I’m not saying that there are no teachers out there who are sitting back and not giving the best for our students. What I am saying is that creating an atmosphere of collegiate support and positive help for those who might need it is likely to have a much more powerful and lasting effect than threatening teachers with frozen salaries or a P45.


* Just to clarify, this is a response to a comment in the first article (“Heads and governors will be able to sack the worst-performing staff in just a term – rather than a year – under new “capability” procedures.”). It is not the case that any school will expel a pupil for achieving poor grades.


3 thoughts on “Another way?

  1. True, but what about the teachers that consistently fail to “up their game”. This is the argument between the carrot and the stick. For most of us, we are motivated individuals who do the best for our students however, some are happy to skate by and the threat of the stick will work for those. It’s the idea of the student who does his homework because he know’s he’ll get detention, but he won’t do the homework for the class where he knows the teacher will never check.

    I wonder sometimes if the work i do in the class is let down by the work i do outside of the classroom to engage and excite. I work hard ot preapre lessons for class so i have time for these extra things. I also think that should ofsted come in, they will only look at the quality of my classroom provision and not the other work i do in the school and i bet they won’t say “hey, here’s a teacher doing all this extra stuff for you, bump him 2 points up the scale”

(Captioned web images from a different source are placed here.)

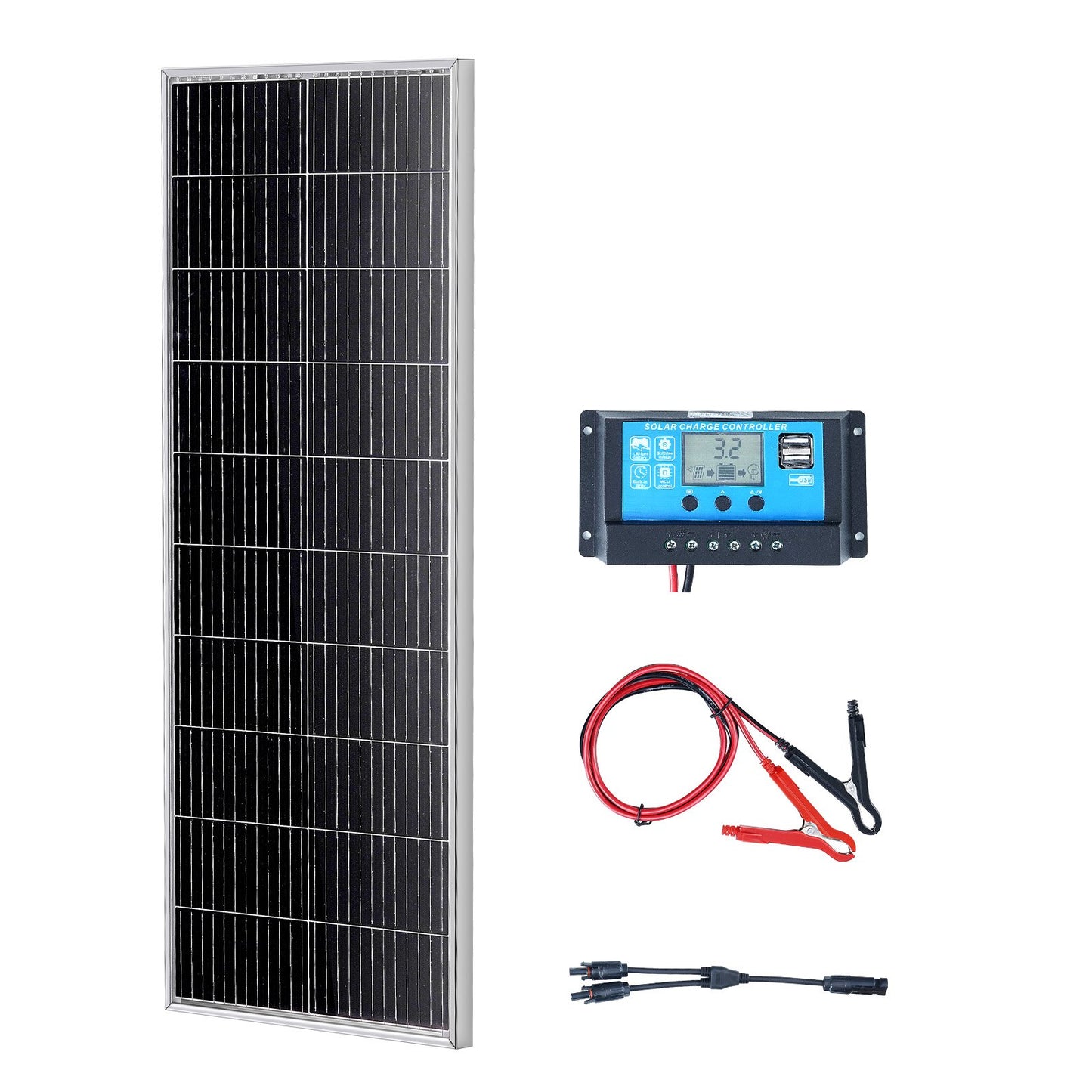 100-W-Monokristallin-Solarmodul-Set, 12-V-Monokristallin-Solarmodul + Laderegler, 23 % hocheffizientes monokristallines PV-Modul, IP68 wasserdicht für Wohnmobile, Boote, Camping und netzunabhängige Systeme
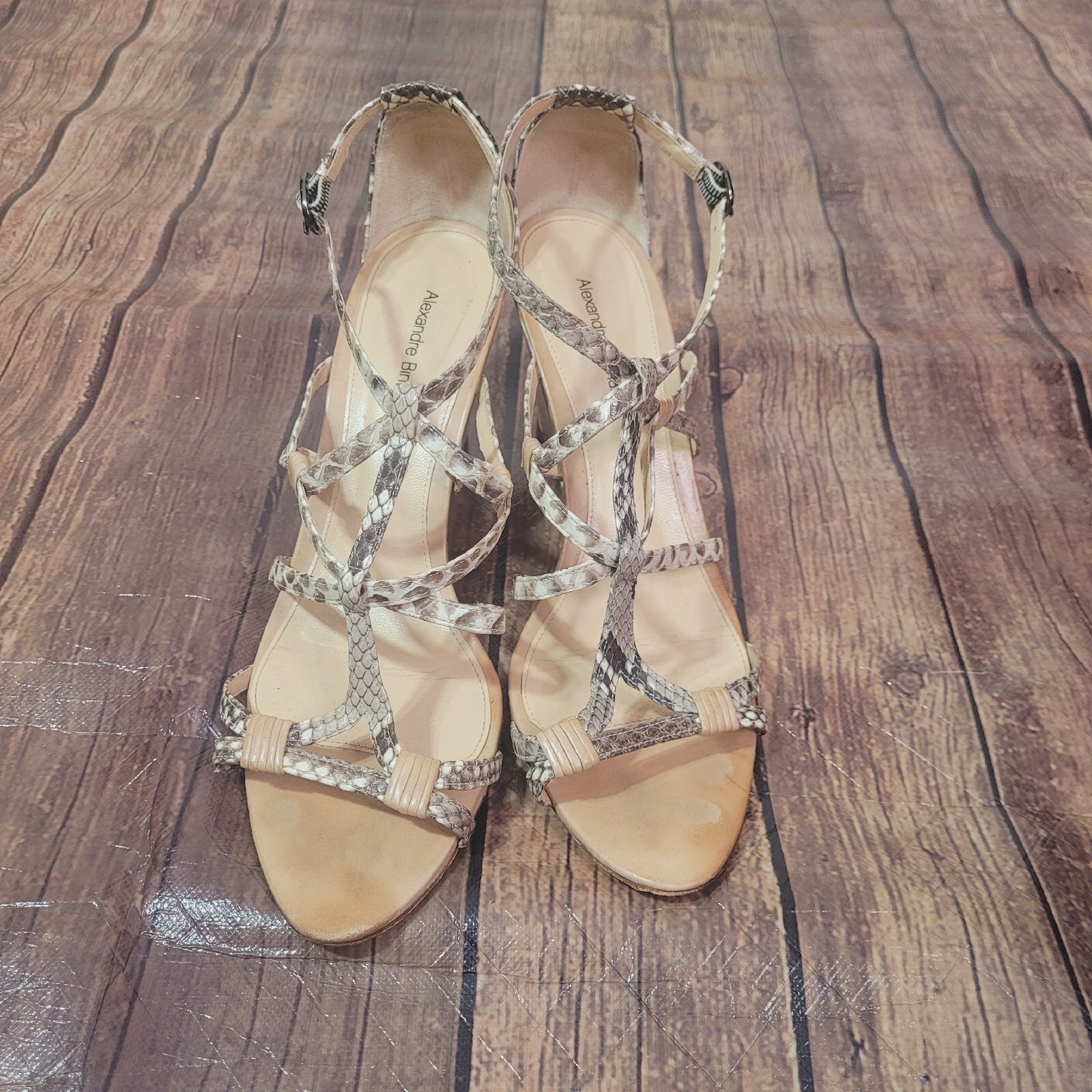 Alexandre Birman Womens Heels Beige 10 Strappy Wedge Snakeskin 3.25″ Heel Buckle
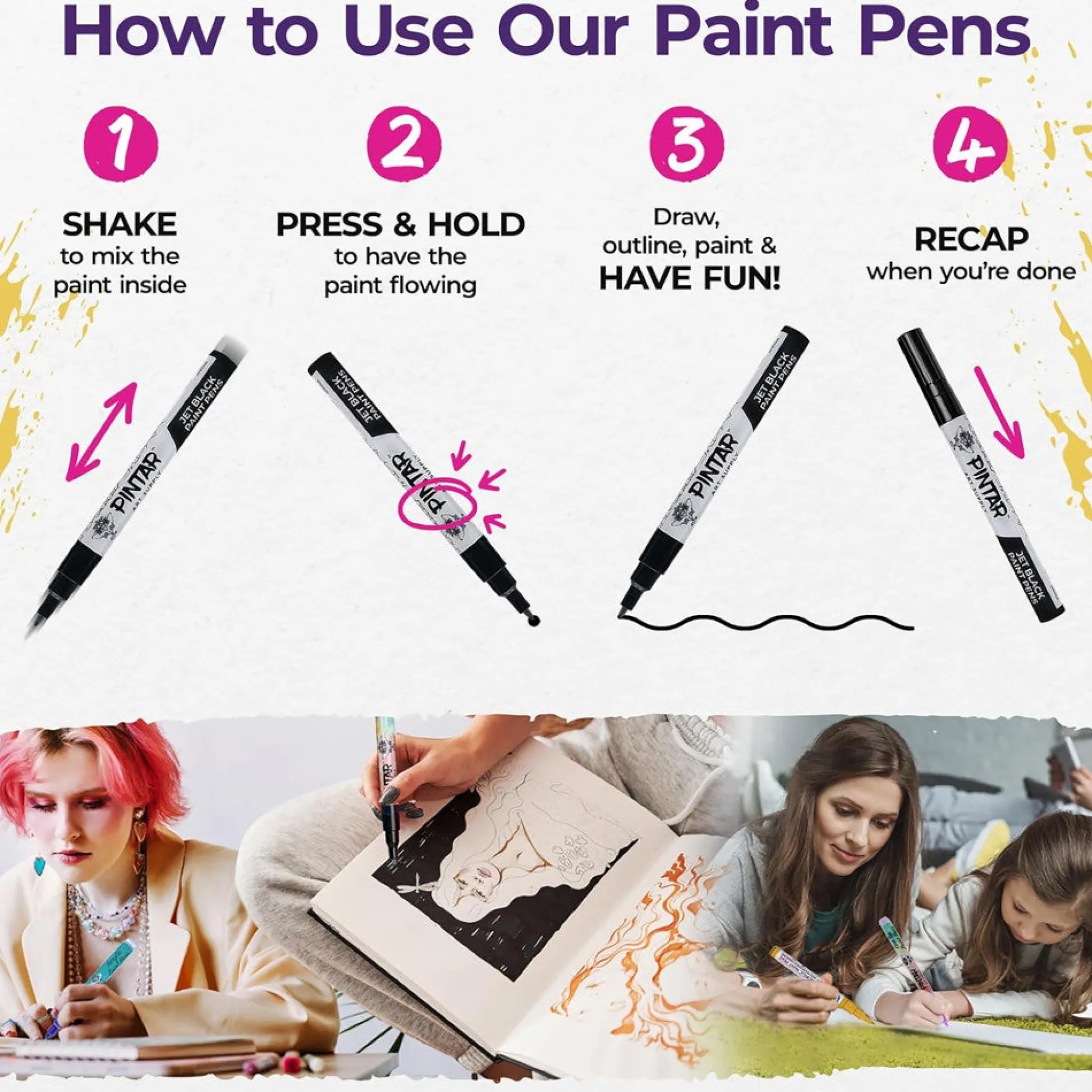 Flat River Group Pintar Acrylic Paint Marker Collection - Black, 12-Pack with Varied Tips* Drawing, Color & Painting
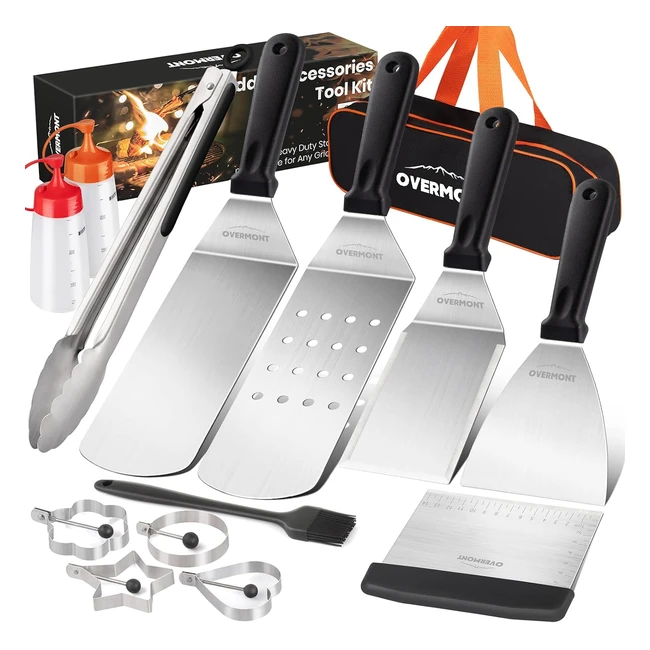 Overmont 13pc9pc Griddle Accessories BBQ Spatula Scraper Tool Sets Professional Grill Pancake Hamburger Turner Stainless Steel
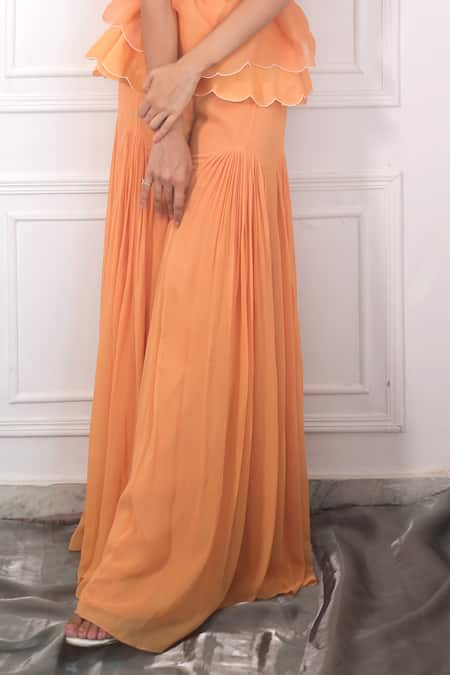 Buy_PIRI INDIA_Yellow Organza, Georgette, Chanderi Sequins, Pearls, Beads, Top Sharara Set _Online_at_Aza_Fashions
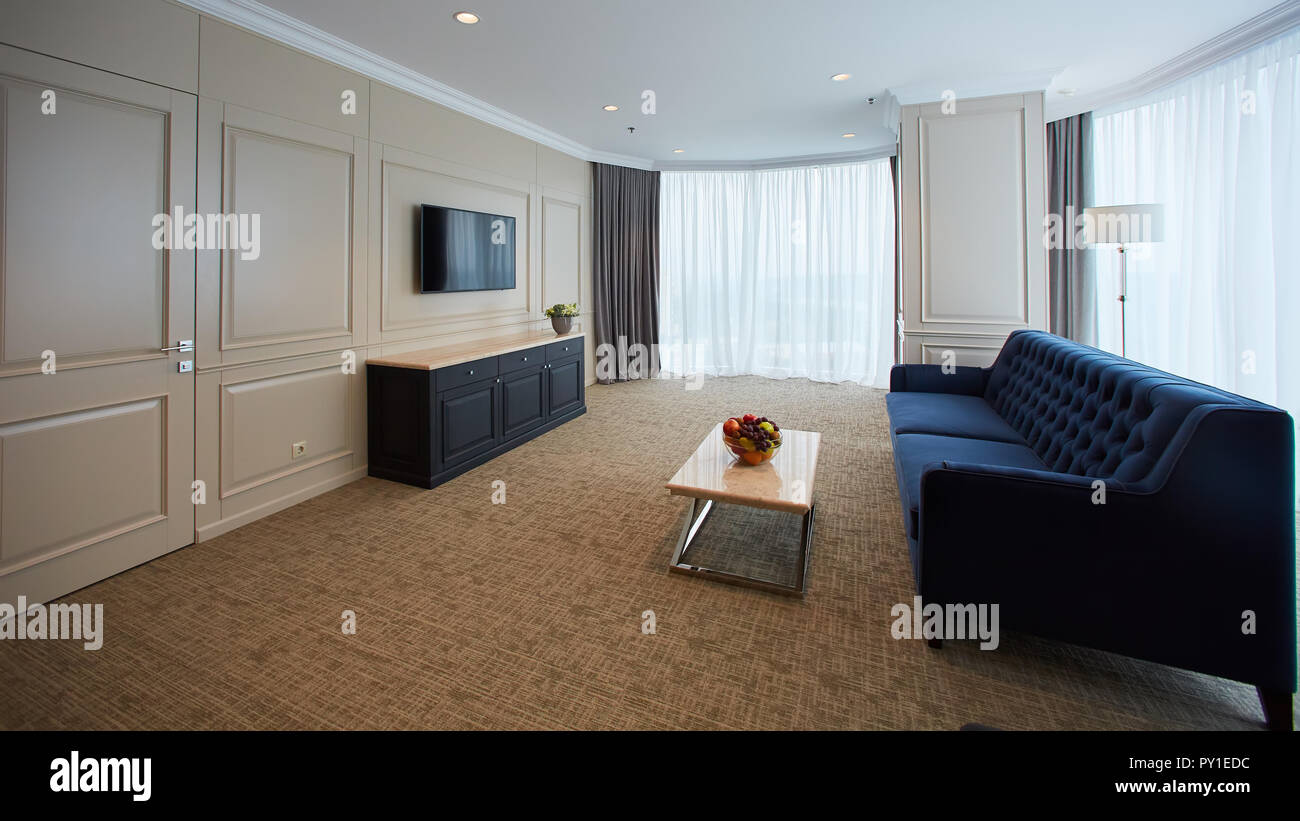 A Modern Livingroom Inside A New Flat With Tv Stock Photo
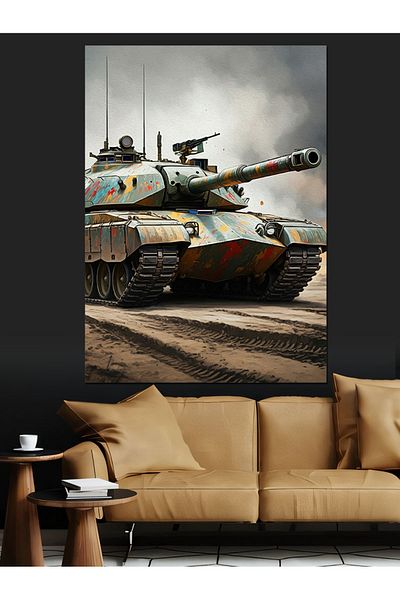 Tablomega Tank Military Vehicle Decorative Canvas - Mdf Wooden Painting
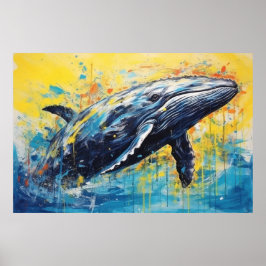 Malerei mit modernen Whalen Poster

  2. On your first point, I agree. Carrot and stick is a familiar phrase*, but I’m seeing an awful lot of stick lately.

    For the second point, I think I’m too exhausted with hearing about how to prepare for Ofsted to care any more. Ultimately the things I do outside of the classroom are not done for them, they’re done for the kids and (selfishly) because I enjoy them as well.

    What frustrates me is that Ofsted’s goal is a lofty one. Check that teachers are doing a good job and make sure that the kids are getting a good education. What happens is that schools and teachers spend a long time and a lot of effort (and emotional energy) preparing for Ofsted in ways that don’t necessarily help the students but ensure that there is evidence of all the day to day things that Ofsted might not see on their flying visit.

    I’m not entirely sure what the answer is, but threatening teachers is stressful and demoralising. I don’t think that my career or salary are directly in threat right now, but it’s a continual erosion of our legal rights and our respect in the public. If kids, and parents, are convinced that there are loads of crap teachers about then it gives rise to a whole load of situations where excellent practice is denigrated by unwittingly ignorant stakeholders.

    * Although I dislike it in this context as giving extra support and training isn’t obviously a carrot

  3. Rob says:

    I think so much hinges on what is considered a “bad teacher”. I’ve never seen an Outstanding lesson (I have heard of two in my time at this school), let alone been judged to have delivered one, and the reasons never seem to relate to any benefit for the pupils. I’ve seen colleagues get Unsatisfactory for doing the right lesson at the right time in the right way, but it didn’t tick all the boxes. I get above-expected results from students most of the time, live and die by my professional integrity, kids enjoy my lessons, learn independence and make good progress – but my methods are not Ofsted-pleasing. I tend to do what works (for me and my students), not what someone says I should do without evidence to show it works.

    So I head into the new academic year more fearful for my career with a nagging doubt about whether I actually am a “Good teacher”.